International Workingmens Association 1868
Record of Speech by Karl Marx
Source: MECW Volume 21, p. 320;
First published: in The Bee-Hive Newspaper, May 30 and June 20, 1868.
Marx made these speeches to substantiate his proposal to change the venue of the congress and the subsequent withdrawal of the relevant resolution. The record of his speeches is reproduced from The Bee-Hive Newspaper because it is more detailed than in the Minute Book of the General Council.
Notice of motion was given that a resolution should be moved on Tuesday next to cancel the resolution of the last congress appointing Brussels as the place of meeting for the next congress, and that London be appointed instead.
The Council considers it incompatible with the honour and dignity of the Association to assemble a congress, surrounded, as it would be, by French spies, and in a country whose Government is capable of committing such wanton outrages as have been perpetrated against the half-starved miners of Charleroi. [392]
The mover of the resolutions then stated, that besides the foregoing assurances things had transpired since he had given notice which compelled the Council to abstain from revoking the vote of the Laussane Congress.[393] The Belgian section had already taken action. M. Bara, the Minister of Justice, was reported to have said in the Chamber of Deputies, that he would not permit the Congress to assemble; in a remonstrance signed by all the members of the Brussels committee and the executive of the Free Workmen an affiliated political society of Verviers, the resident members of the Association had declared that in spite of all the vain rhodomontade of the Minister of Justice, the International Congress should be held at Brussels. The question, therefore, was strictly one of resistance of the Belgian working men against the police regulations of their government, with which the Council had no right to interfere. He should, therefore, withdraw his resolutions.
392 During a strike by Charleroi miners in Spring of 1868 against a four-day week imposed by the mine-owners, 22 miners were arrested and put on trial. The International hired lawyers to defend the miners and ran a campaign in their defence. The miners achieved wide public support and were ultimately acquitted.
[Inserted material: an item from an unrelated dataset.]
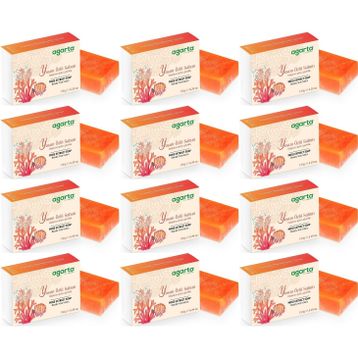 Agarta Yosun Özlü 12x150 gr El Yapımı Doğal Sabun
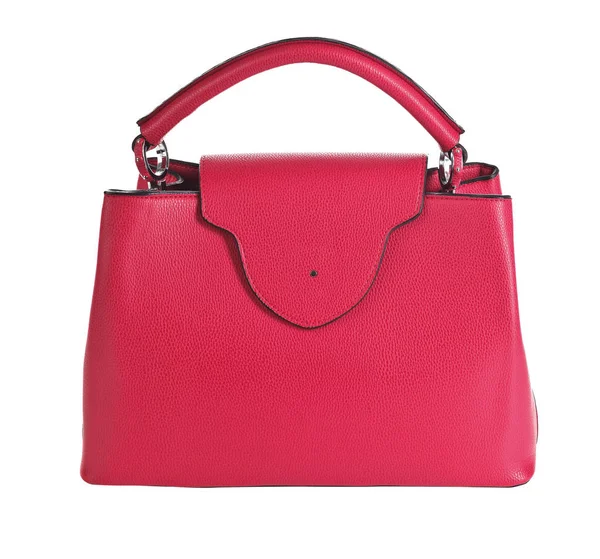 Beyaz arka plan üzerinde izole kadın el çantası .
393 The Lausanne Congress of the International in 1867 designated Brussels as the venue of the next general congress. On February 24, 1868, the General Council called on all sections to begin preparing the Congress agenda. However, the Belgian Minister of Justice, Jules Bara, declared in the Chamber of Deputies on May 16 that he would not permit the convocation of the Congress in Brussels and urged the deputies to renew the Aliens Law of 1835, under which any foreigner could be expelled from the country as politically unreliable. In view of this, at the General Council meeting of May 26, 1868, Marx raised the question of not meeting in Brussels (see The Bee-Hive Newspaper, May 30, 1868). The resolution drawn up by Marx to this effect was read by Jung at the General Council meeting of June 2, since Marx had left for Manchester.
Baras statement and the prolongation of the Aliens Law caused great discontent in Belgium. The Brussels Section of the International sent the Minister a protest letter which was published in La Tribune du Peuple, May 24, 1868.
In their letters to the General Council, De Paepe and Vandenhouten, the leaders of the Brussels Section, urged the Council not to yield to the government because this threatened the further existence of the International in Belgium. Consequently, on Marxs proposal, the General Council meeting of June 16 cancelled the resolution of June 2 and Brussels remained the venue for the next annual congress.
The text of the June 2 resolution was included in the Minutes of the General Council meeting of June 2, 1868, and was also published in The Bee-Hive Newspaper, June 6, 1868.